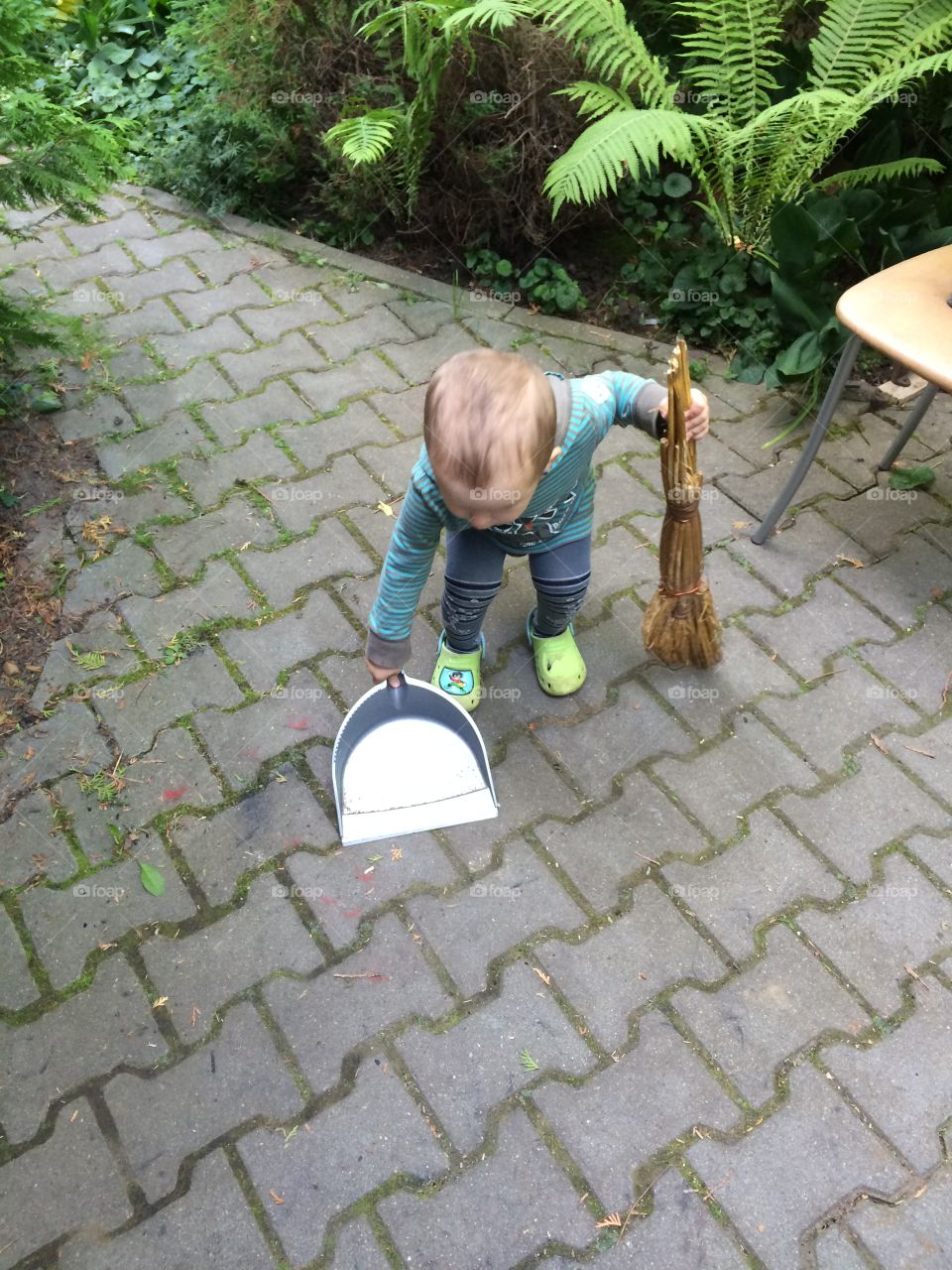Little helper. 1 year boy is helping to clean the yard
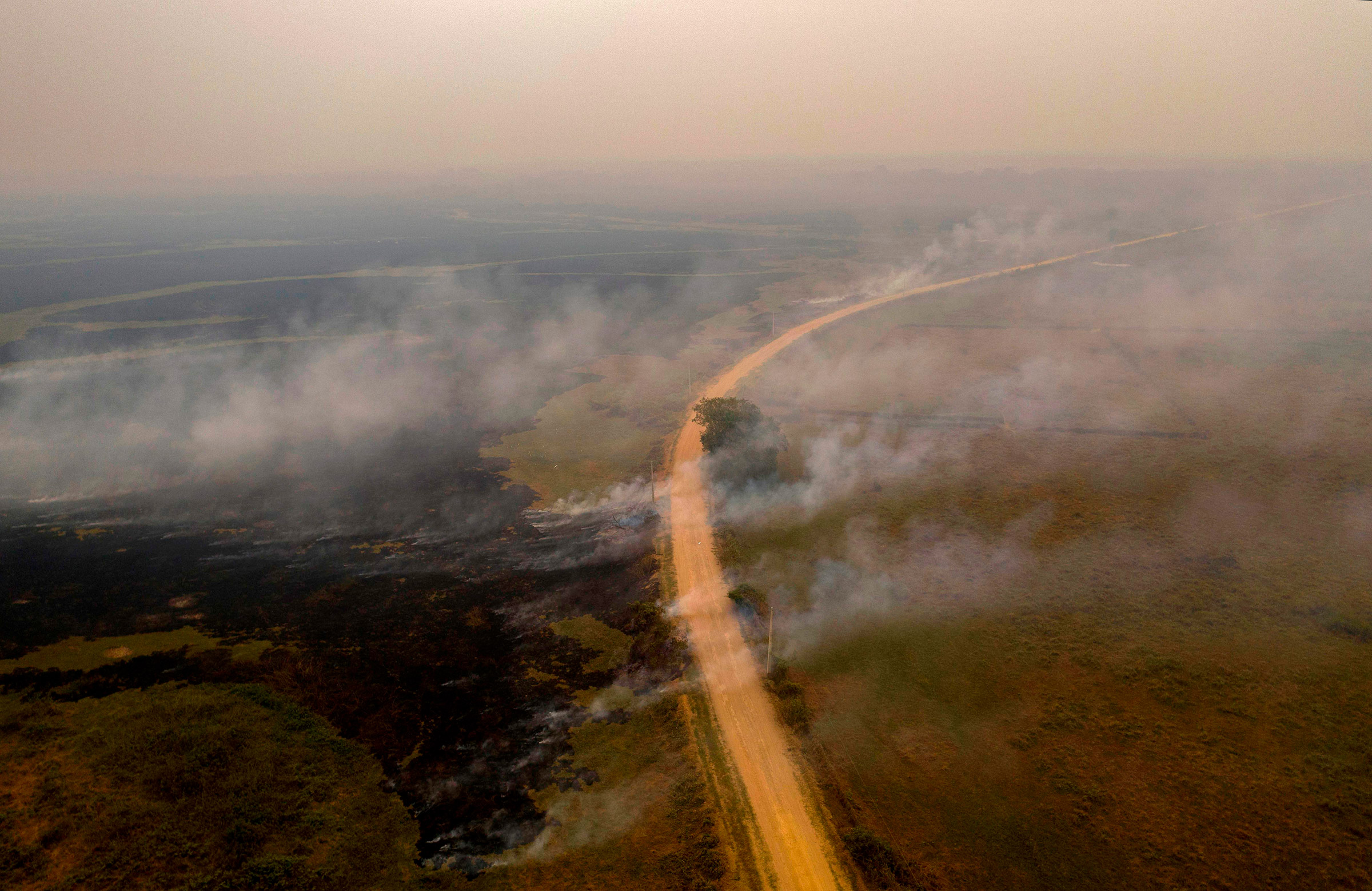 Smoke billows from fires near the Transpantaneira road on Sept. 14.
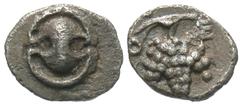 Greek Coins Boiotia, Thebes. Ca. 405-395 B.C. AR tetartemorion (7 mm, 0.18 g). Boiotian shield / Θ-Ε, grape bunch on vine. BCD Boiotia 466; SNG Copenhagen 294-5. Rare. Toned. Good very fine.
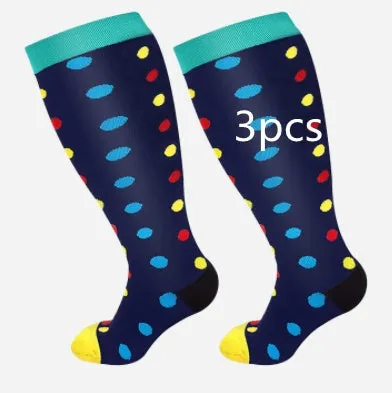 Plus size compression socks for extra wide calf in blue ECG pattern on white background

§

* **What you need to do**
First drop every picture, then print the data above exactly as it stands.

* **Reply to the exercise**
Little helper. 1 year boy is helping to clean the yard
 Smoke billows from fires near the Transpantaneira road on Sept. 14.
 Greek Coins Boiotia, Thebes. Ca. 405-395 B.C. AR tetartemorion (7 mm, 0.18 g). Boiotian shield / Θ-Ε, grape bunch on vine. BCD Boiotia 466; SNG Copenhagen 294-5. Rare. Toned. Good very fine.
 Plus size compression socks for extra wide calf in blue ECG pattern on white background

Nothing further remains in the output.